Гардан опять протянул вперед руку; теперь уже решительно. А я, словно для солидности, а на самом деле для того, чтобы не перечислять в договоре весь перечень товаров, сверху еще и стопку листков положил. И все – через пять минут я отсчитал Гардану двадцать золотых монет, обещал отдать оставшиеся восемнадцать (выторговал два, однако) на месте, у входа в ущелье. Ну, или полными кристаллами по семь золотых за штуку. Аппаратуру для проверки кристаллов он обещал привезти с собой.
– Не бедный, однако, дядечка, – с уважением подумал я, и предложил, – охрана не нужна?
Потому что двадцать золотых монет это умопомрачительная сумма. И о том, что у Гардана она есть, скоро узнает весь рынок, а потом и город. Хотя здесь (я обвел глазами зал) все свои. А, нет! Вон – трактирщик ухом одним к нам повернулся. Я и позвал его, когда Гардан, поклонившись, покинул помещение.
– Ганид, – сказал я ему, понизив, словно для конспирации, голос, – мы, наверное, у тебя задержимся. Вот, держи.
На столешницу, а потом в ладонь трактирщика перекочевала еще одна золотая монета. Баловал я его, ох, баловал. Он, конечно, как и всякий честный трактирщик, работал еще и внештатным доносчиком в органы. Но осуждать его я не собирался – такова жизнь. Вот и пусть доносит, что я тут никуда не спешу; обрастаю людьми и связями. Еще, для надежности, велел к послезавтрашнему утру другого торговца вызвать. Чилима, к примеру. Завтра-то я весь день занят, свадьба у сюзерена.

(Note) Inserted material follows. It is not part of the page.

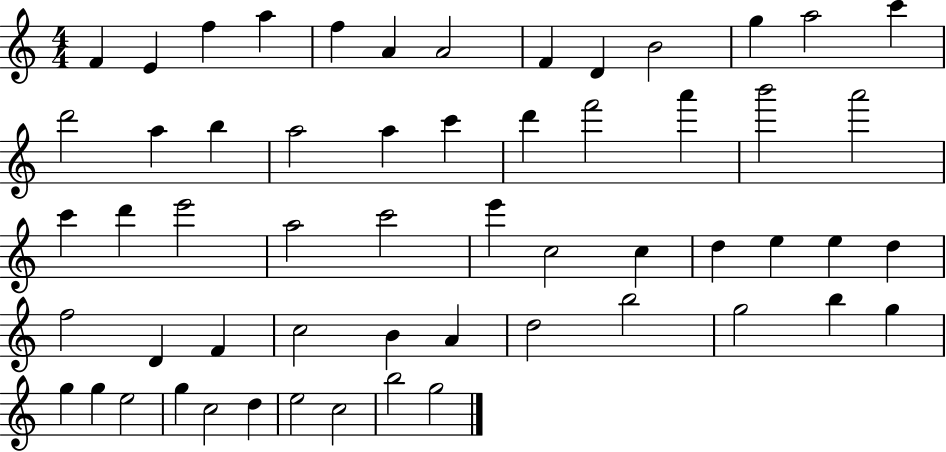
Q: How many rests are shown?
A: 0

– Ну, что, – встал я, поведя плечами, – славно поработали. Теперь ужинать и по местам. А мне пора. Не хочу по темноте тут ноги ломать. Так что…
Я повернулся к Гале, чтобы поцеловать; крепко, не смотря на кучу зрителей, включая малолетних. Но взгляд мой задержался на несчастном лице Катеньки. Вообще-то я и без слов понял, о чем именно хочет меня попросить девчушка. Только характер показывала. Но пересилила себя, высказала просьбу; так тихо, что услышал, наверное, только я, ну и Галя с Капитаном, что застыл горой за Катенькой:
– Твоя… милость… если сможешь, Олежку…
– Если смогу – доставлю сюда, или в другое безопасное место, – искренне пообещал я, – честно.

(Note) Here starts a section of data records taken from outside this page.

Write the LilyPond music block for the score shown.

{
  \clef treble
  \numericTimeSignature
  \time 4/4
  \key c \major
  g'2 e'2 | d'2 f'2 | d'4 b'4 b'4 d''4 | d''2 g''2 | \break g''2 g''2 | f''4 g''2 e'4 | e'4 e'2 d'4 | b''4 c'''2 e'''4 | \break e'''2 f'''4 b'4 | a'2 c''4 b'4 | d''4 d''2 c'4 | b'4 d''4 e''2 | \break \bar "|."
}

Подумав, я достал из пояса обе кобуры с пээмами. В какой-то степени запалился – в обычный пояс они никак поместиться не могли. А я из него недавно еще и двадцать достаточно тяжеловесных монет достал. Но Капитану, которому я протянул пистолет с полной обоймой, было не до каких-то измышлений. Он – вот ей богу, не вру! – принял оружие дрожащими руками. Второй, где одним патроном было меньше, я, чуть поколебавшись, отдал Виктору Федоровичу, бывшему майору. Предупредив обоих, что боеприпасов больше нет, я поцеловал Галину, как и обещал, крепко и страстно.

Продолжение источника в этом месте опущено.